Statistics Canada will release its Labour Force Survey on Friday, and markets are bracing for a mixed print. The Unemployment Rate is expected to tick higher to 7.2% in September, while the Employment Change is forecast to rise by 5K new workers after a huge loss in August.

A weaker report could strengthen the case for the Bank of Canada (BoC) to continue its easing cycle after cutting its policy rate by 25 basis points to 2.50% at its September 17 gathering, following three consecutive pauses.

At the event, Governor Tiff Macklem struck a cautious tone at his usual press conference. He said the inflation picture hasn’t changed much since January, noting mixed signals and a more data-dependent stance as the bank takes decisions “one meeting at a time.” He also acknowledged that inflationary pressures look a little more contained but reiterated that policymakers remain ready to act if risks tilt higher.
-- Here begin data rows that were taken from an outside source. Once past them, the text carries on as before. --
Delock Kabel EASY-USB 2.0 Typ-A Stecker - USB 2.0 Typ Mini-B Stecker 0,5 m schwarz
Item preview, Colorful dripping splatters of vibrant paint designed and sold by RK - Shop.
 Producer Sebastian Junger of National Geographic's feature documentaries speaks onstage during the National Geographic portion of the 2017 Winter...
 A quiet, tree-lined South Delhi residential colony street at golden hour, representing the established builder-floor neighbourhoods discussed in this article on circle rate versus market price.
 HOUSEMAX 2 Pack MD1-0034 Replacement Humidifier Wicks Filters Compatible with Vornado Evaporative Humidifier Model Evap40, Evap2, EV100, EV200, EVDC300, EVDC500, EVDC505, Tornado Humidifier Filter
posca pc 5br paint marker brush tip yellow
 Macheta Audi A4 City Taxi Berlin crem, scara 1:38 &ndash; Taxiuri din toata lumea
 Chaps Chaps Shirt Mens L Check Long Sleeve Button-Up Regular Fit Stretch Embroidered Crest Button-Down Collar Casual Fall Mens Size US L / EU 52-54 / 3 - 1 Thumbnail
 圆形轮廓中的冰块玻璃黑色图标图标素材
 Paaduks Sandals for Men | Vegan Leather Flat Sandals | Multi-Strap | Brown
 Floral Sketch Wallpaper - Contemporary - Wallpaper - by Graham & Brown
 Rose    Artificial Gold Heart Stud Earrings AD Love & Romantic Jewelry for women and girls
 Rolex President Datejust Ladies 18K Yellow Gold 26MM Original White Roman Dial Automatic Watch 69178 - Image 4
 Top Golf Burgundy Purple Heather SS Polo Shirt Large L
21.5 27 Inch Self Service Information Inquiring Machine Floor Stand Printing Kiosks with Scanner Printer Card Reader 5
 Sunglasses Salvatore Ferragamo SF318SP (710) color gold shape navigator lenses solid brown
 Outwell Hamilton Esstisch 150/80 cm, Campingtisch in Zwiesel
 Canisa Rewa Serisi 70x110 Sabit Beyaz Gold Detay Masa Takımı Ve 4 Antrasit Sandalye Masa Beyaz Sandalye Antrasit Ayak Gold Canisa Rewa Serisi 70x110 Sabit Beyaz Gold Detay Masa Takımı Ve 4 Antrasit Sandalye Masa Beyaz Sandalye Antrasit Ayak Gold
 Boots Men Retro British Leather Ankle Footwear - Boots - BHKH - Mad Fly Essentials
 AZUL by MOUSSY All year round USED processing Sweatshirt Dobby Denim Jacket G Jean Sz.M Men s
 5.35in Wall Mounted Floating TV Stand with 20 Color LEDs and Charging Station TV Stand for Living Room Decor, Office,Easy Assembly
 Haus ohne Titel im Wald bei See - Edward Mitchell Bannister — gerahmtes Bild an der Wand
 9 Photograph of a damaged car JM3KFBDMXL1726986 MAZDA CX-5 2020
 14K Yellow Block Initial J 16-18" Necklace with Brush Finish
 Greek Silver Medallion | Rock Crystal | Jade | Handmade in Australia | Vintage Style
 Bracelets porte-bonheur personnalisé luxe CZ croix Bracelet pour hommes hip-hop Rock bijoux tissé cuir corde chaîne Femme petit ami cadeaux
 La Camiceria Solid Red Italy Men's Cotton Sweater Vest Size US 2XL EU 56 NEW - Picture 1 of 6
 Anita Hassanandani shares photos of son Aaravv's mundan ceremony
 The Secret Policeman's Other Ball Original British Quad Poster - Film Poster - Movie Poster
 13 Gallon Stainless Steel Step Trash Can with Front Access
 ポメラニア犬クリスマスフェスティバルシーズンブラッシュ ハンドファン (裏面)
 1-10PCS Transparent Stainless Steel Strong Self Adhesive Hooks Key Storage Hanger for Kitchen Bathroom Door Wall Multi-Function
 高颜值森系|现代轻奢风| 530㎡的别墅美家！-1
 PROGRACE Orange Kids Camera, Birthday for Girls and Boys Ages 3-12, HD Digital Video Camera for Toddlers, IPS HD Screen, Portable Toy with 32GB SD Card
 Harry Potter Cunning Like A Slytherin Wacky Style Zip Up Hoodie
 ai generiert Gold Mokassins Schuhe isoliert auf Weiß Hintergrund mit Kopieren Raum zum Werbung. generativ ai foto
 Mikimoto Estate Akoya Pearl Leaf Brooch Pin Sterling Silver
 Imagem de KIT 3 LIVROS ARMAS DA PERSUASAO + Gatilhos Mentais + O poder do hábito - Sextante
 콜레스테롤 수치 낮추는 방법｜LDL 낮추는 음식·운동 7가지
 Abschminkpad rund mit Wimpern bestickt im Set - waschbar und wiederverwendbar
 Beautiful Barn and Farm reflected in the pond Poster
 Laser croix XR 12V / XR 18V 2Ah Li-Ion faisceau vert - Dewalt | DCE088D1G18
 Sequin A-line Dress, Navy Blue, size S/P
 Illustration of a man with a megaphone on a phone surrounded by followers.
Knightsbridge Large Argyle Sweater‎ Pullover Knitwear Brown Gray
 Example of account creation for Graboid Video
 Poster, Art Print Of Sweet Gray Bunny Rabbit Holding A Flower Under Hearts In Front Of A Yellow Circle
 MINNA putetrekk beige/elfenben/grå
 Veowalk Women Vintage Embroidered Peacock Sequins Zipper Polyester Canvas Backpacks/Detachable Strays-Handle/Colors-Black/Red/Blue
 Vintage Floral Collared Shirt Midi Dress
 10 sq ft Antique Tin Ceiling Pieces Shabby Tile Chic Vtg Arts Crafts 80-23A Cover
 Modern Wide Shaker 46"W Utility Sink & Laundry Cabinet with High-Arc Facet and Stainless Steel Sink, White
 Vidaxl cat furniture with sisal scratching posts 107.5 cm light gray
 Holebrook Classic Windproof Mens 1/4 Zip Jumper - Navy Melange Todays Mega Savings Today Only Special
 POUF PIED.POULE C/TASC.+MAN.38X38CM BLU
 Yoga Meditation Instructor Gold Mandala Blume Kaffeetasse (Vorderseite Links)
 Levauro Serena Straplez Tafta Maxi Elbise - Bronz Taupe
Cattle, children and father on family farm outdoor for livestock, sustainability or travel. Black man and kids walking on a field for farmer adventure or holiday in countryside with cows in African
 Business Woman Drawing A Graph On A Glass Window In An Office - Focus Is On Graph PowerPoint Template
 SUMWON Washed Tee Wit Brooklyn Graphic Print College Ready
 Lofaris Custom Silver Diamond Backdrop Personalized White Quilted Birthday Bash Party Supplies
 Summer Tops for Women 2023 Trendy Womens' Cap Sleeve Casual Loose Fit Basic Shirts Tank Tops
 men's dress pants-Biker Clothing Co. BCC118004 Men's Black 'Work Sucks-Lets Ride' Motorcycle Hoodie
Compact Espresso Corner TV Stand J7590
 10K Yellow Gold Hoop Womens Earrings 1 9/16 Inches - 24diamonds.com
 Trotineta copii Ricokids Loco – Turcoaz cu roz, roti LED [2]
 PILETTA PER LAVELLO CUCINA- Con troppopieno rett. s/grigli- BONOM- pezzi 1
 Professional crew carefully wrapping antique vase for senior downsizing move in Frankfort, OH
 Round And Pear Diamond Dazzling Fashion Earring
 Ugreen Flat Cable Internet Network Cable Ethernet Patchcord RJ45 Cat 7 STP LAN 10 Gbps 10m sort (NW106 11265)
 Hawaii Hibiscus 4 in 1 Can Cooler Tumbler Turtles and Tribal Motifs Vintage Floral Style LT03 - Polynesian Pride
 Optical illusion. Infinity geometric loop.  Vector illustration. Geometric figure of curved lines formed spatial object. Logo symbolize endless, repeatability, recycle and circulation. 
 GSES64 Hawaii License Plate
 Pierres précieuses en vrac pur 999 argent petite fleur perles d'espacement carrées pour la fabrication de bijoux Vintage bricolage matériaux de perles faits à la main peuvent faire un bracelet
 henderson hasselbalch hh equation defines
In addition, Senior Deputy Governor Carolyn Rogers added that no change in the deposit rate is being contemplated, while Macklem said the BoC is “a long way from even contemplating QE.” The Governor also pushed back against recession fears, forecasting around 1% growth in H2 2025. Overall, the tone suggested a steady hand, with no rush to adjust policy as the bank awaits clearer inflation trends.

The August prints from the domestic labour market saw the Unemployment Rate tick higher to 7.1%, while the Employment Change dropped for the second consecutive month, this time by 65.5K individuals.

What can we expect from the next Canadian Unemployment Rate print?

Consensus among market participants projects a slight rise in Canada’s Unemployment Rate to 7.2% last month, up from August’s 7.1%. Additionally, investors forecast the economy will add a modest 5K jobs in September, enough to reverse the last couple of months of declining job creation. It is worth recalling that Average Hourly Wages, a proxy for wage inflation, rose at an annualised 3.6% in August, up from the previous 3.5%.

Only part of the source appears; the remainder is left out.